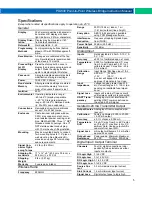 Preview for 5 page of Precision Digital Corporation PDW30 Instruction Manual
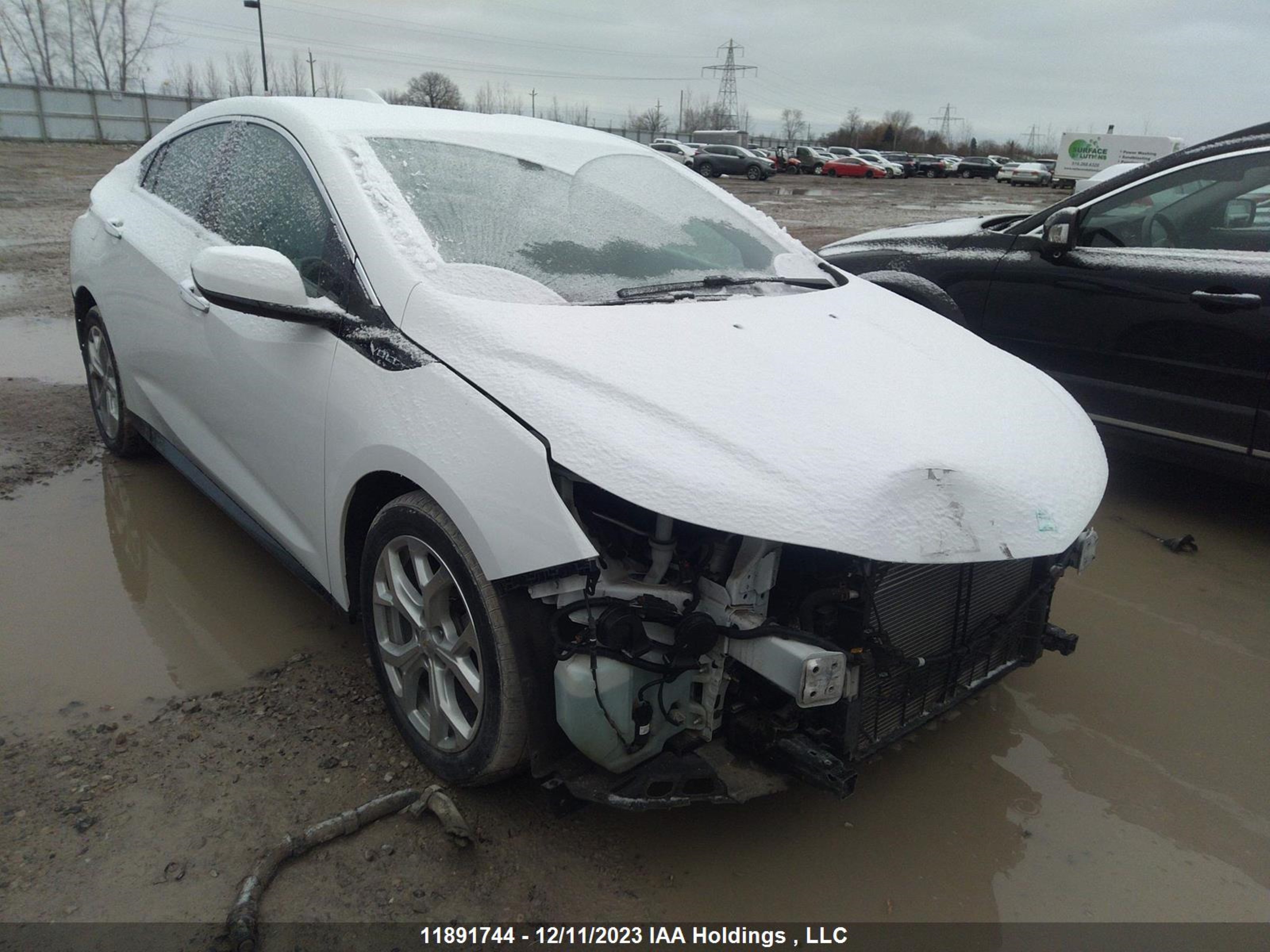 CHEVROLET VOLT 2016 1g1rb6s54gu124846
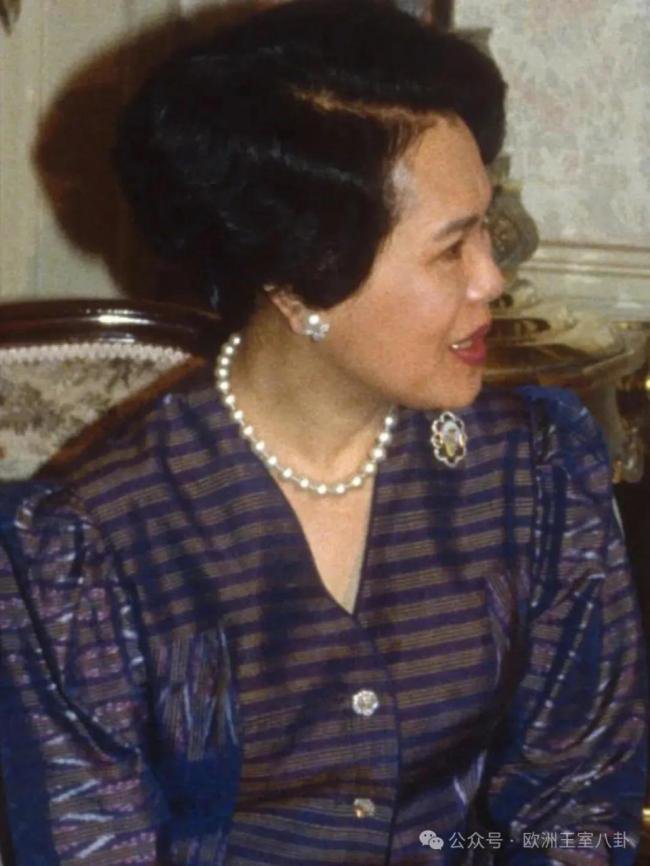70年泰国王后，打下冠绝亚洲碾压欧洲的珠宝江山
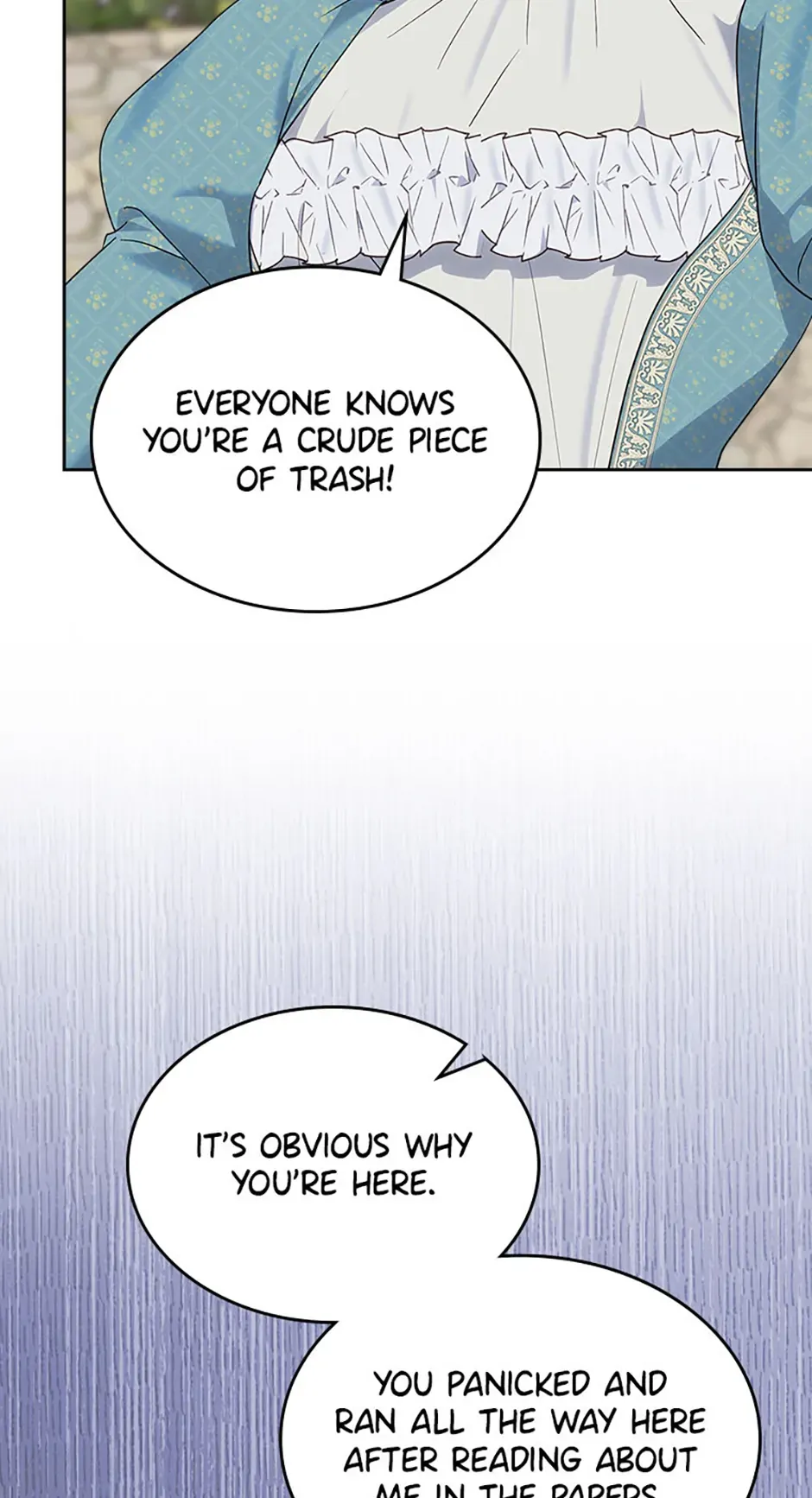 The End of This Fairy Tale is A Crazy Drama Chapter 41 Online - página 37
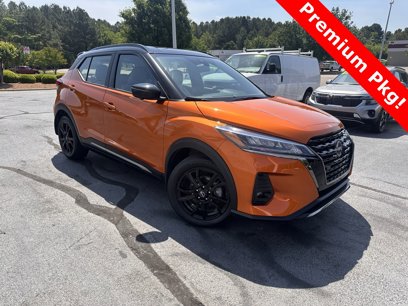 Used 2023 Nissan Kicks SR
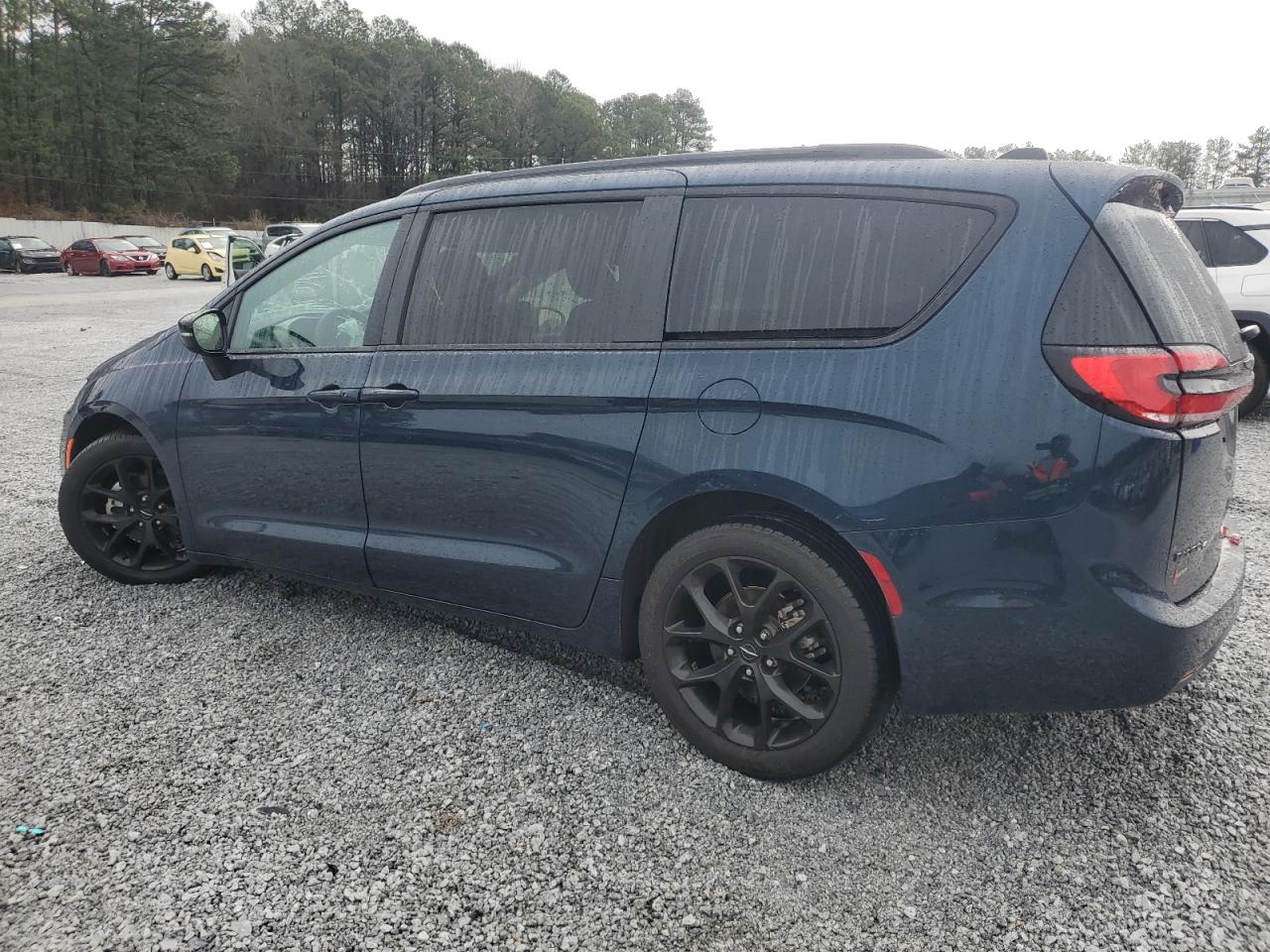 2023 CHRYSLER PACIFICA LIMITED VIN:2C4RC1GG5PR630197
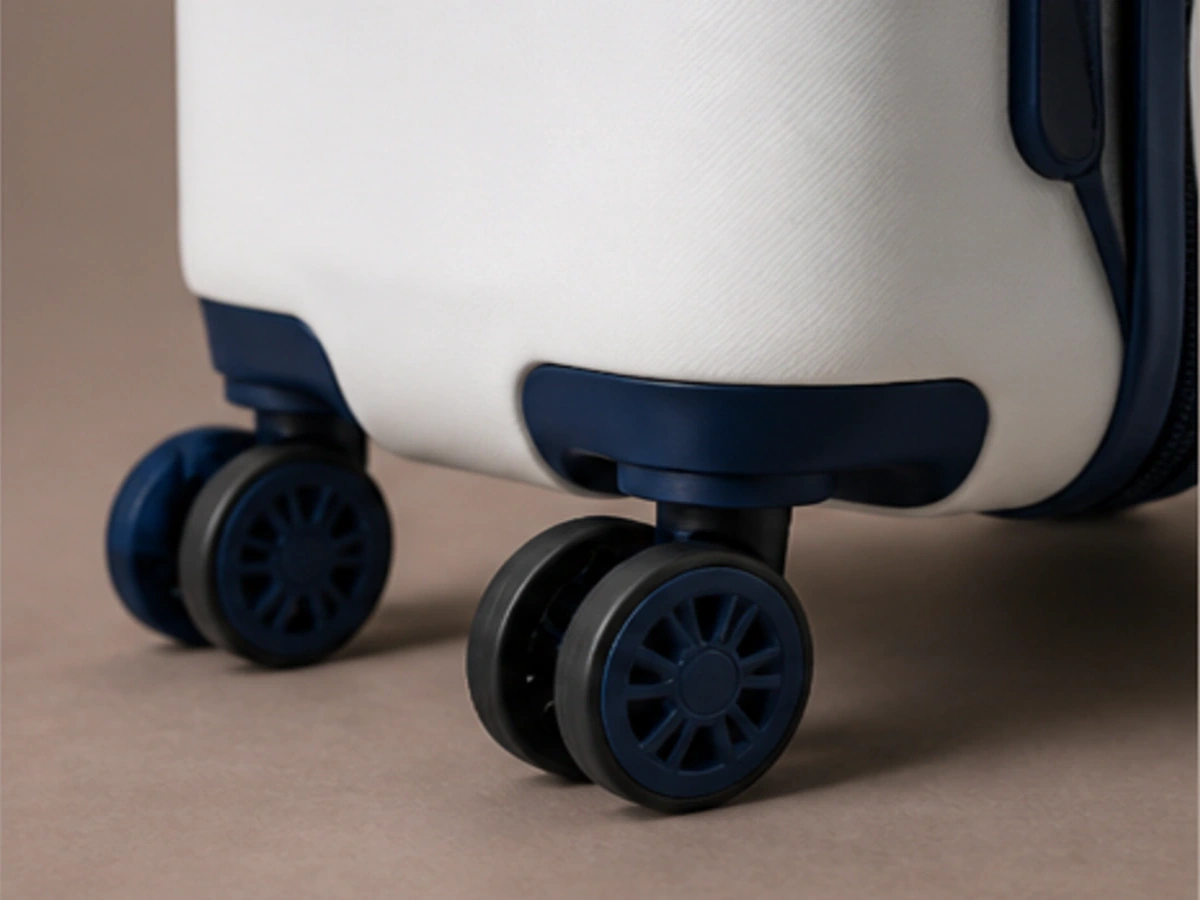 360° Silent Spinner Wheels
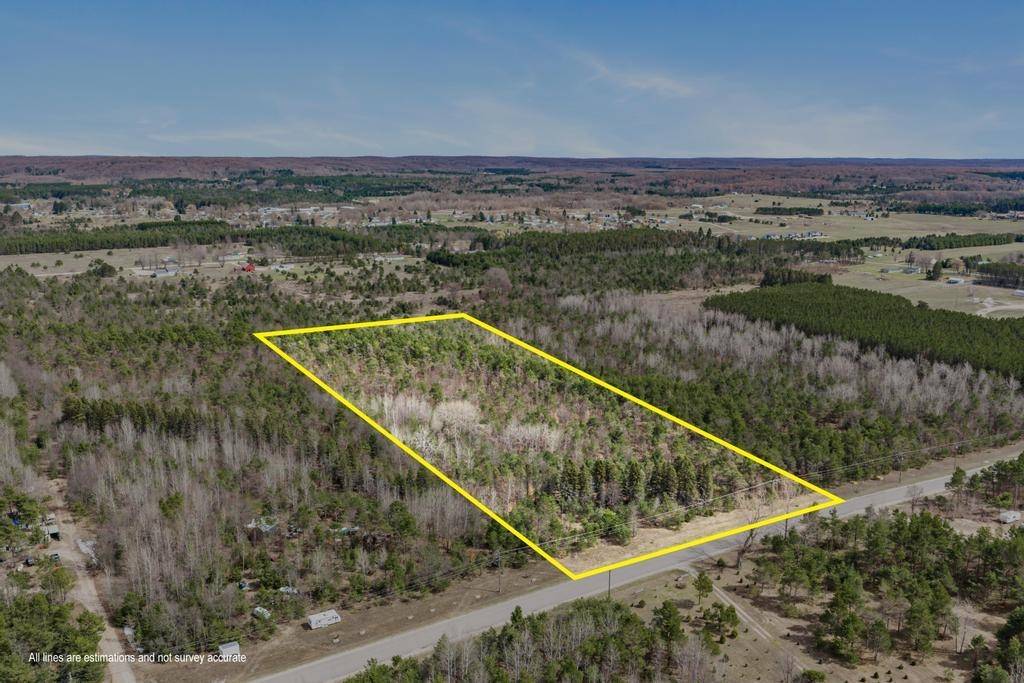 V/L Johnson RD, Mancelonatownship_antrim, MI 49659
# # # # #
> What the task asks: Copy exactly the lines from the line that contains "2023 CHRYSLER PACIFICA" through the last line of the records above, both ends included, but leave out the pictures.

> Answer box:
 2023 CHRYSLER PACIFICA LIMITED VIN:2C4RC1GG5PR630197
 360° Silent Spinner Wheels
 V/L Johnson RD, Mancelonatownship_antrim, MI 49659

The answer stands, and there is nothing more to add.